The culture and history of Maple Ridge is intertwined with traditional British Columbia industries like farming and forestry.
Its laidback but friendly residents take pride in their rural community and its abundance of mountains, rivers, and trees. Today, Maple Ridge has grown into a thriving bedroom community of Vancouver, just a 45-minute drive away, and this district municipality is also closely associated with neighbouring Pitt Meadows.
The First Nations
The original inhabitants of the Maple Ridge area were members of the Katzie Nation, tied closely to the Sto:lo people of the Fraser Valley. The Kwantlen Nation also had a significant presence here. For centuries, the Aboriginals engaged in hunting, fishing, and farming along the Fraser River. They occupied at least 10 villages in the area.
The Beginnings of Maple Ridge
European settlers began to trickle into the Maple Ridge area in the mid-19th century following the Fraser River Gold Rush. In 1858, a carpenter named Samuel Robertson, who worked for the Hudson's Bay Company, settled and planted an orchard in Albion on the north side of the Fraser River, across from Fort Langley, the "Birthplace of British Columbia."
The following year, another pioneer called John McIvor established a dairy farm in the area. He named it Maple Ridge; hence the municipality's name.
Another key early settler was Thomas Haney, who set up a brickworks. The lovingly preserved family residence, Haney House, still remains as one of Maple Ridge's popular historic and heritage sites today. Haney also lent his name to the district within Maple Ridge that's now considered the downtown core, around the junction of 224th Street and Dewdney Trunk Road.
Historic Neighbourhoods and Churches
In addition to Haney, numerous other historic neighbourhoods would emerge in Maple Ridge, such as Hammond, Whonnock, Albion, Ruskin, Yennadon, and Webster's Corners.

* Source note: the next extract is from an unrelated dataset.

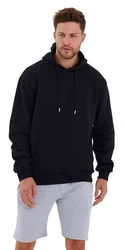 COMEOR Kapuzenpullover Hoodie Sweatshirt Schwarz/Dunkelblau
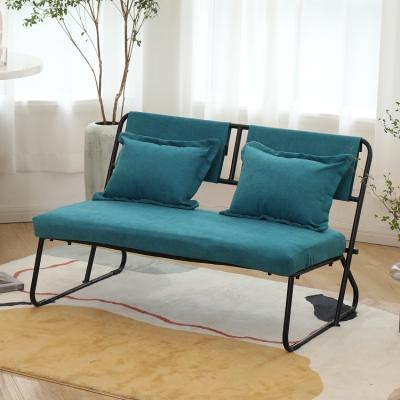 China Fantastic modern scandinavian bright color convertible sofas living room divan style design modern sofa quality modern armchairs for sale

These often received their own post office, church, and other amenities, but today have been incorporated back into Maple Ridge, although the names linger on.
BC's Sixth Municipality
Maple Ridge was incorporated as BC's sixth municipality in 1874, although fewer than 50 families resided there at the time. The 1859-built wooden Anglican church of St. John the Divine is believed to be the oldest functioning church in British Columbia. It was originally located across the river in Langley, but has been at its present Maple Ridge location since 1882.
The arrival of the Canadian Pacific Railway (CPR) line in 1885 spurred growth in the community, as it was no longer necessary to travel here by boat.
Maple Ridge Grows
From logging at Alouette Lake to mills at Ruskin and Whonnock, forestry proved to be an engine of growth for Maple Ridge as the municipality moved into the 20th century. A bridge was constructed over the Pitt River in 1915, facilitating access to Vancouver and other nearby communities like New Westminster.
Improved Transport Links
French and Asian immigration to the area increased at this time (although tragically, many Japanese settlers would be sent to internment camps during World War II). Mid-century, the coming of the Lougheed Highway (Highway 7) improved traffic flow. An increasing population led to subdivisions being built in the 1960s, and the Pitt Meadows Regional Airport opened in 1963.
Modern Maple Ridge
In the 1990s, the arrival of the West Coast Express train line facilitated access to downtown Vancouver. Maple Ridge became part of Metro Vancouver in 1995. In 2009, the opening of the new Pitt River Bridge and Golden Ears Bridge ensured that Maple Ridge residents could enjoy easy commuting through Metro Vancouver and the Fraser Valley.
Maple Ridge Museum
Eager to learn more about the culture and history of Maple Ridge? Don't miss the Maple Ridge Museum with its spectacular model railroad diorama, vintage telephone exchange, and other exhibits. The Pitt Meadows Museum with its colourful assortment of First Nations artifacts and pioneer memorabilia is also instructive. Check in advance for opening hours.